▸ Your goal:
Starting at the line that contains "Cover of the" and ending at the final line of the entries below, write out each line exactly as it appears, but omit the pictures.

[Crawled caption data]

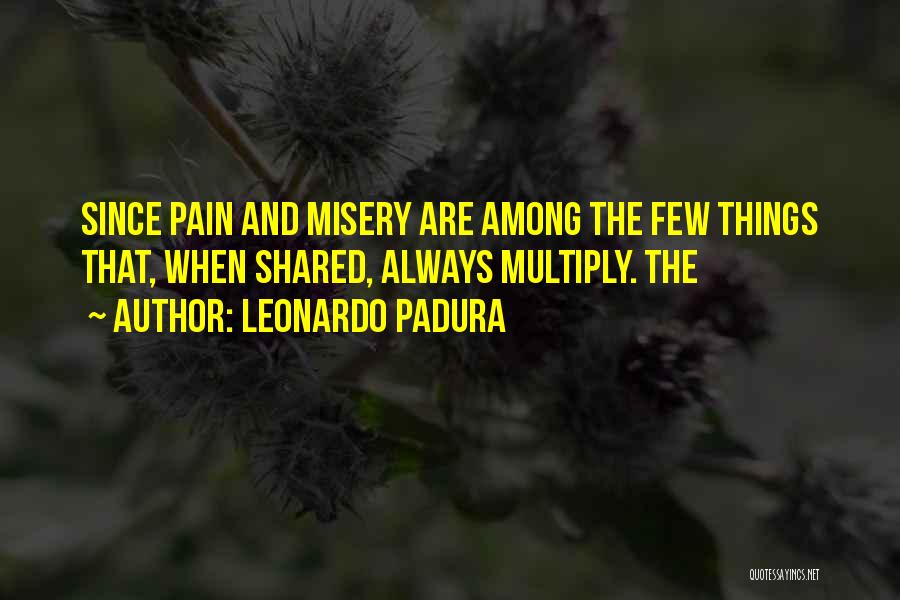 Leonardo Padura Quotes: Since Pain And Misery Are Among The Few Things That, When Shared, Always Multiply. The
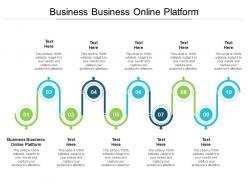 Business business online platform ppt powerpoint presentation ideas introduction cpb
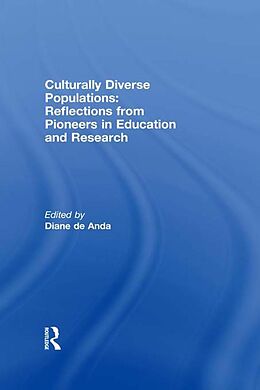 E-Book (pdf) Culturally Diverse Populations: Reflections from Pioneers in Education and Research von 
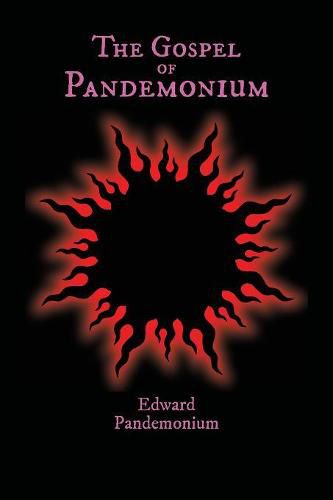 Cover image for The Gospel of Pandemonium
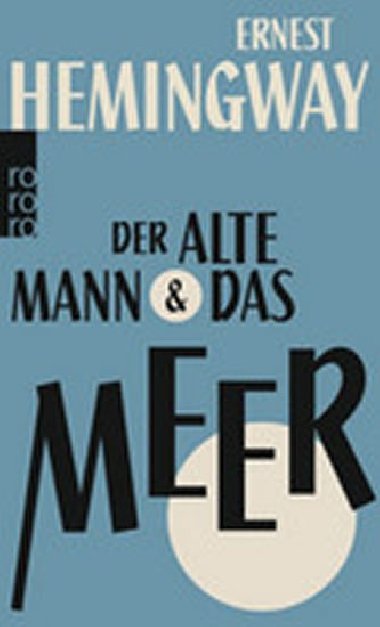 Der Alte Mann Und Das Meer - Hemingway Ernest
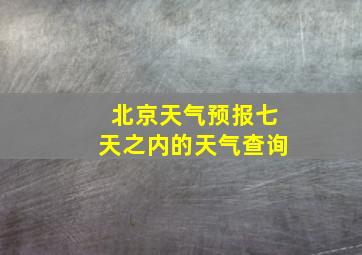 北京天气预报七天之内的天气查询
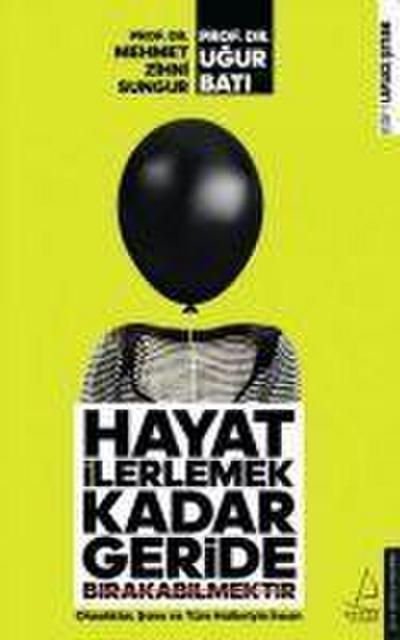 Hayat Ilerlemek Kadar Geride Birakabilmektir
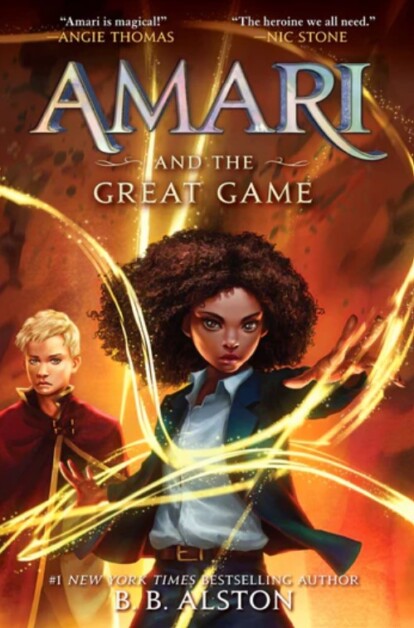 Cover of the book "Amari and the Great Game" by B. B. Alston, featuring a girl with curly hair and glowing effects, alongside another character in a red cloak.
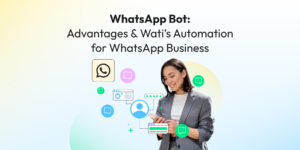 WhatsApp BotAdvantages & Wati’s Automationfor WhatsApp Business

▸ Finished exercise:
 Cover of the book "Amari and the Great Game" by B. B. Alston, featuring a girl with curly hair and glowing effects, alongside another character in a red cloak.
 WhatsApp BotAdvantages & Wati’s Automationfor WhatsApp Business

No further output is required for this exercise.